Hello @kevinadi and thank you for the reply.
We have managed to partially recover the lost data from other internal sources, but we still have data from 2 collections that is lost.
Right now the clusters are working in normal parameters, but any advices or clues about what happened and if we can still recover any additional data are more than welcome.
-
The MongoDB version used is : v4.0.6 and v4.0.20 (v4.0.20 is only on the second mongos, v4.0.6 is across all nodes)
-
The topology is as follows:
2 load balancers that each point to a different mongos for failover and to avoid the cursor errors.
1 Replica Set config server (PSS)
1 Replica set with sharded DBs named rs1 (PSS)
1 Replica Set with sharded DBs named rs2 (PSS)

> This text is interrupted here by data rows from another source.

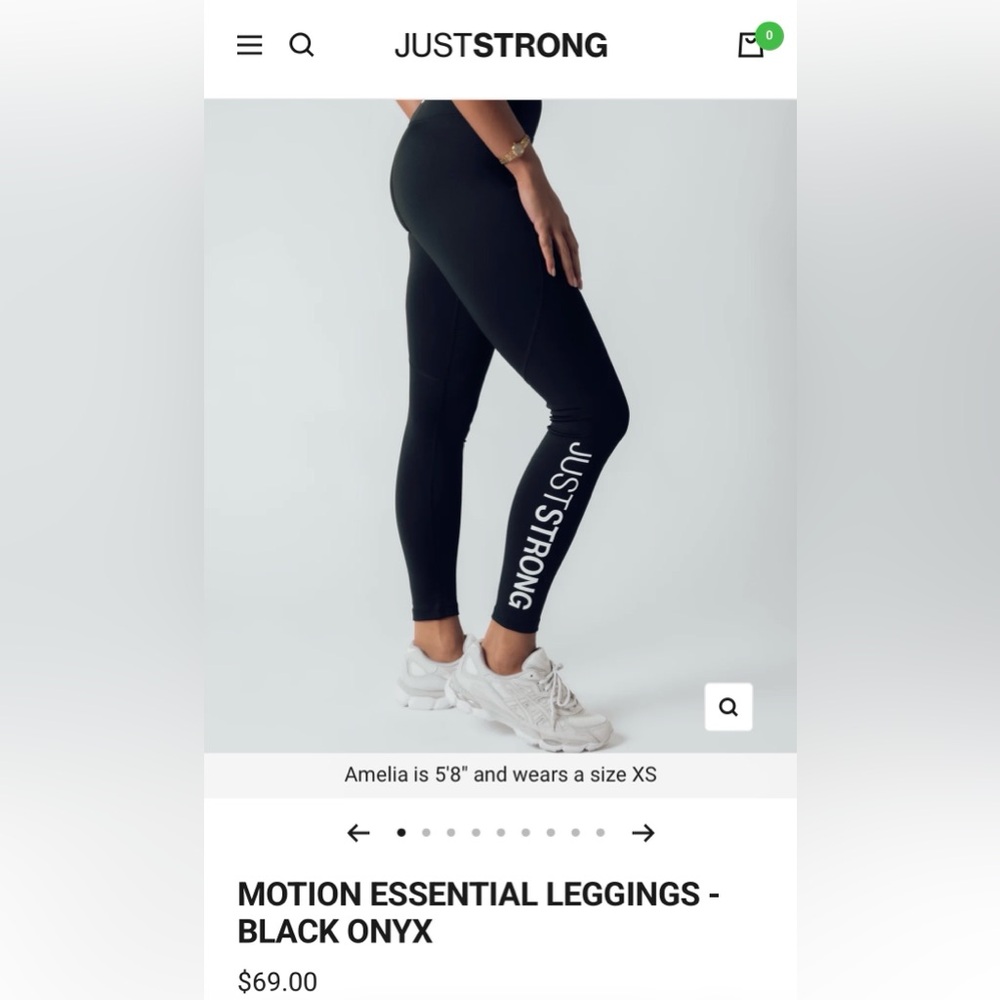 NEW WITH TAGS JUST STRONG MOTION ESSENTIAL LEGGINGS BLACK ONYX WOMENS LARGE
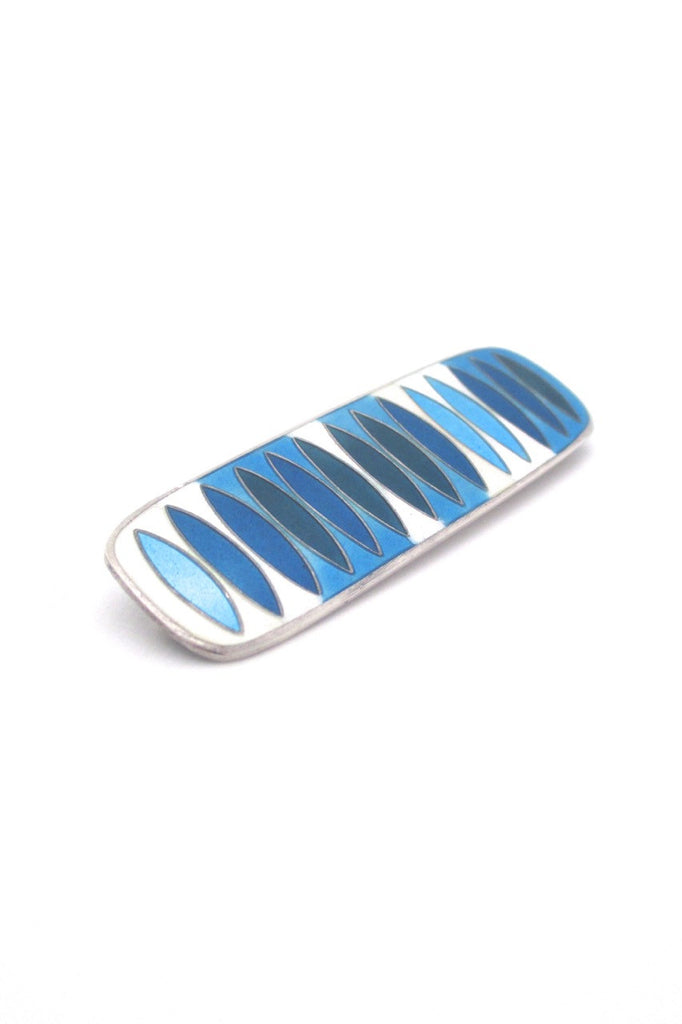 David-Andersen Norway vintage Scandinavian Modern silver enamel graphic brooch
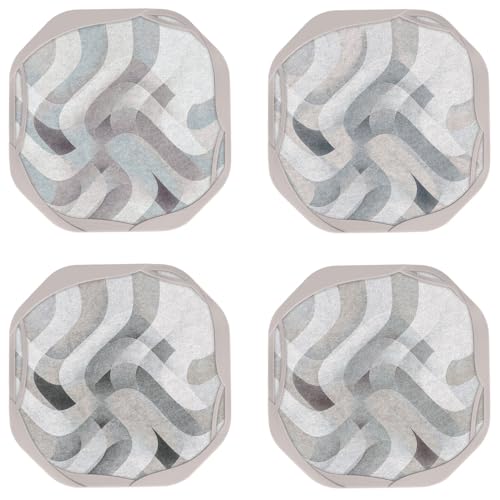 UMIRRO Absorbent Felt & Silicone Drink Coasters Set of 4, Soft Plaid Curves | Leakproof & Non-Slip, Modern Boho Abstract Coffee Table Decor for Home Bar, Kitchen, Muted Neutral Tones, Octagon 4" - color: 32. Plaid, size: 4 Pack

The exact diagram can be found here, the only difference being that we use 2 load balancers, each pointing to a single mongos:
https://www.percona.com/blog/wp-content/uploads/2017/10/Load-Balanced.png
The sharding status is:
--- Sharding Status ---
sharding version: {
"_id" : 1,
"minCompatibleVersion" : 5,
"currentVersion" : 6,
"clusterId" : ObjectId("5c76ce009da1de19549a8f08")
}
shards:
{ "_id" : "rs1", "host" : "rs1/10.42.100.198:27017,10.42.119.126:27017,10.42.130.8:27017", "state" : 1 }
{ "_id" : "rs2", "host" : "rs2/10.42.129.166:27017,10.42.235.199:27017,10.42.253.76:27017", "state" : 1 }
active mongoses:
"4.0.20" : 1
"4.0.6" : 1
autosplit:
Currently enabled: yes
balancer:
Currently enabled: yes
The startup command for the mongo nodes is: mongod --keyFile /pathto/MONGODB_KEYFILE --replSet RS_NAME --shardsvr --dbpath /data/db --port 27017 --bind_ip_all
Right now the cluster is working normally I do not think that any rs status confs can be relevant, but if needed I can post them later in the thread.
-
The docker containers used for the MongoDB cluster are all bound to specific IPs and set to restart always.
The docker and OS configuration is the default one, but no tuning was necessary, or at least atm due to the hardware capabilities of the servers.
The OS is Ubuntu 16.04 LTS (quite old but an upgrade is planned)
-
It all started with a network communication error, which led to one of the nodes in the replica set to be promoted as primary. Since the node was promoted, the data was not saved on the disk.
We have internal log monitoring, but at that point, we did not had any alerts set for replication errors. We noticed an increase in response time on one of our apps and when we started digging we found the following errors in the MongoDB logs:
{ W SHARDING [replSetDistLockPinger] pinging failed for distributed lock pinger :: caused by :: WriteConcernFailed: waiting for replication timed out; Error details: { wtimeout: true }\r\n","stream":"stdout"}
{ I CONTROL [LogicalSessionCacheRefresh] Failed to refresh session cache: WriteConcernFailed: waiting for replication timed out; Error details: { wtimeout: true } at rs1\r\n","stream":"stdout"}
{ I CONTROL [LogicalSessionCacheRefresh] Failed to refresh session cache: WriteConcernFailed: waiting for replication timed out; Error details: { wtimeout: true } at rs1\r\n","stream":"stdout"}
All the errors were on the rs1 replica set, the rs2 replica set was working normally. Having multiple backups (full dump once a day, incremental every 15 minutes and disk snapshots),
I have decided to promote to primary another node and add the missing data afterwards. After the promotion command was given the container restarted unexpectedly. The node in question was promoted to primary, but it was missing the data since the last node was promoted before him.
Checking the backups and the oplogs I noticed the missing data was present also there, so the data was not saved in the oplog.
I have restored the data based on a disk snapshot, same result, the only thing that i have noticed was the large WiredTigerLAS.wt file (several GB), so I assume that the missing data must be there. Is there a way to retrieve the data from the WiredTigerLAS.wt file?
Thank you and sorry for the long post.